While in high school, John Elmer attracted the interest of a local Congressman in New York City, William Walter Phelps, who arranged for his tuition to be paid at New York University. After two years there, John Elmer dropped out and became a journalist, first at the Ticonderoga Sentinel, and eventually at the New York Tribune, where he became the chief editorial writer.

John Elmer also invested in the Batcheller Pneumatic Tube Company, eventually becoming its president. The company was instrumental in the creation of pneumatic tube lines, systems that propel cylindrical containers through networks of tubes by compressed air, that became for a time widely used in mail delivery.

Through these and other ventures, he became a wealthy man. He purchased a parcel of land in Lewis that would become the family estate. He also used considerable amounts of money to fund civil rights activists, initially Booker T. Washington, and then W. E. B. Du Bois, and Mary Ovington and her work with disenfranchised African Americans in New York. Milholland helped in the founding of the Phipps Houses, which is currently the largest not-for-profit developer, owner, and manager of affordable housing in New York City, and founded the Constitution League, the predecessor of the National Association for the Advancement of Colored People (NAACP). Milholland was the NAACP’s first treasurer. In 1928, a bust of Milholland was erected at Howard University.

John Elmer Milholland had married Jean Torrey, and they had three children, Vida, John, and Inez. Both Vida and Inez became notable activists for women’s rights. Inez was a lawyer whose interests included prison reform and equal rights for African Americans; she joined her father as a member of the NAACP. She gained national fame when, astride a white horse, she led the historic March 3, 1913, Woman Suffrage Procession in Washington, DC. She was also a leading figure on Henry Ford’s unsuccessful Peace Ship expedition of late 1915, crossing the Atlantic with a team of pacifist campaigners who hoped to spur a negotiated settlement to the First World War.

Inez became a martyr to suffrage when she collapsed and died at age 30 near the end of a grueling cross-country campaign for the National Woman’s Party in support of a federal suffrage amendment. Her final public words, “Mr. President, how long must women wait for liberty?” became a rallying cry of the NWP. Inez was honored with the first memorial service for a woman ever held in the U.S. Capitol.

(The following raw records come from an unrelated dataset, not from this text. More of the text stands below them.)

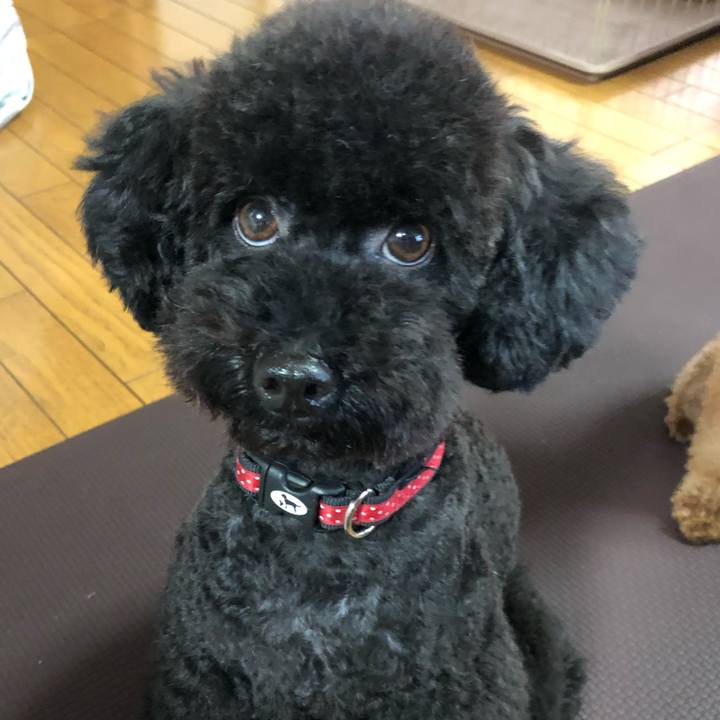 8e3a1fa5 fcf5 4856 8d35 e92fd61f6de6 1569149550647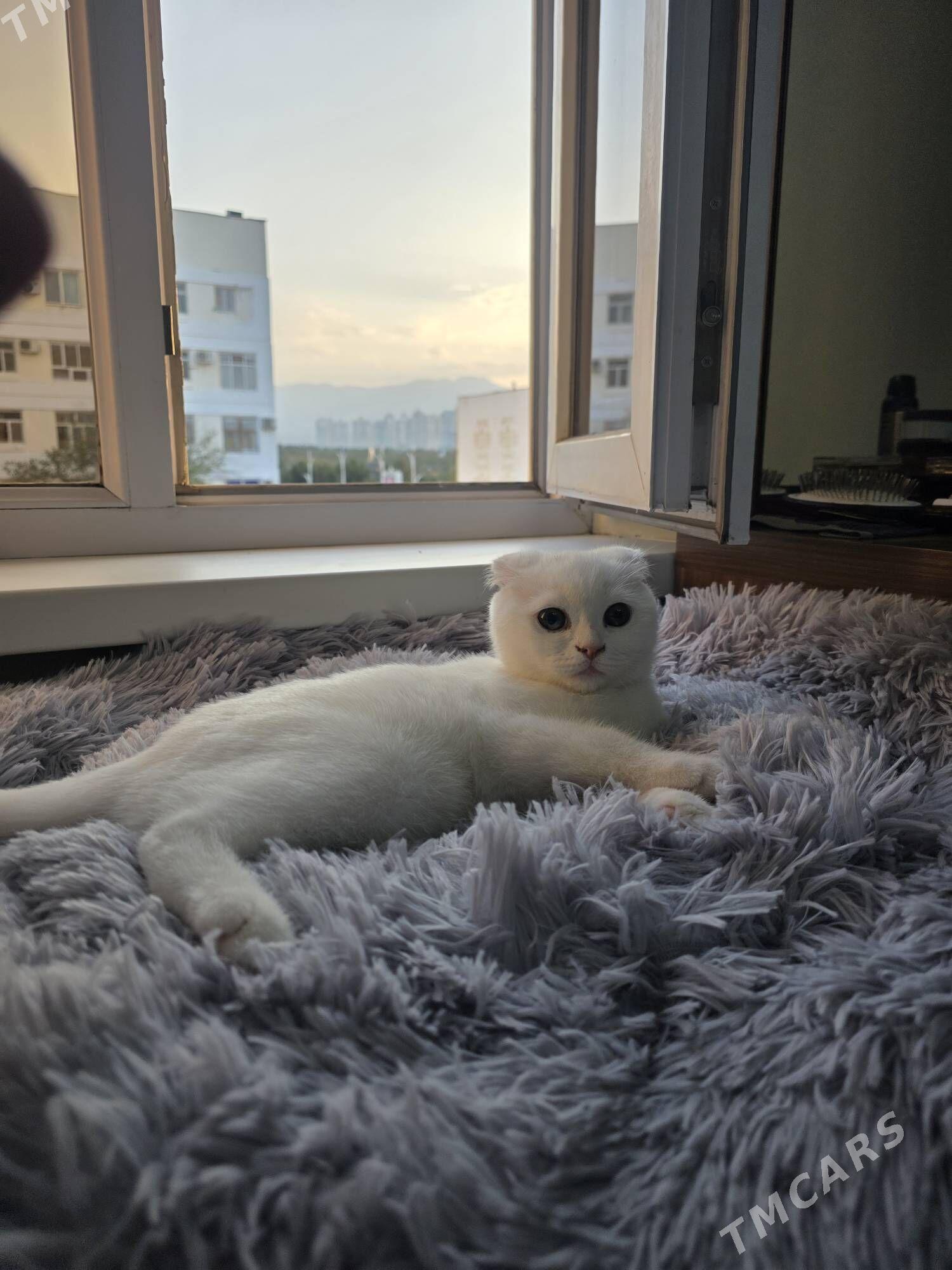 Sotlantka - Parahat 2 - img 4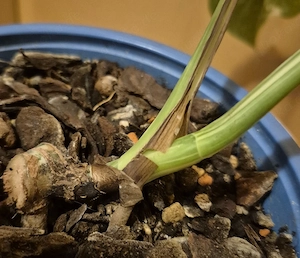 Monstera albo variegata  Bild 4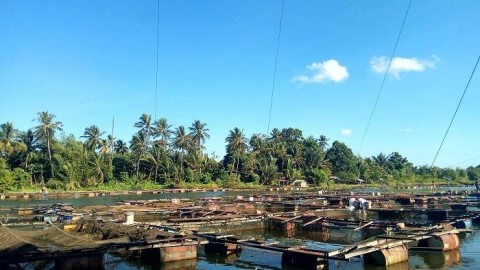 Kabupaten Pesisir Selatan, Potensi Besar Perikanan Darat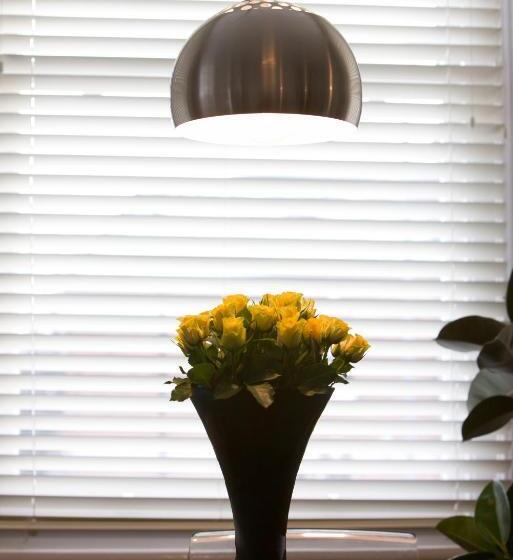 Апартаменты 1 Спальня, Victoria Park Lodge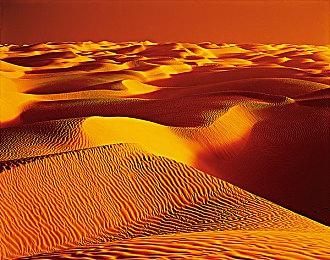 《Apex英雄》第17赛季战斗通行证预告 明日上线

After her death, Inez’s father and the people of Lewis and Elizabethtown renamed Mount Discovery, a mountain on the Milhollands’ Lewis property, Mount Inez, in honor of “their most illustrious citizen.” More than a hundred years later, the name change became official – just in time for the 100th anniversary, in the summer of 2020, of the 19th amendment that granted the Women’s Right to Vote.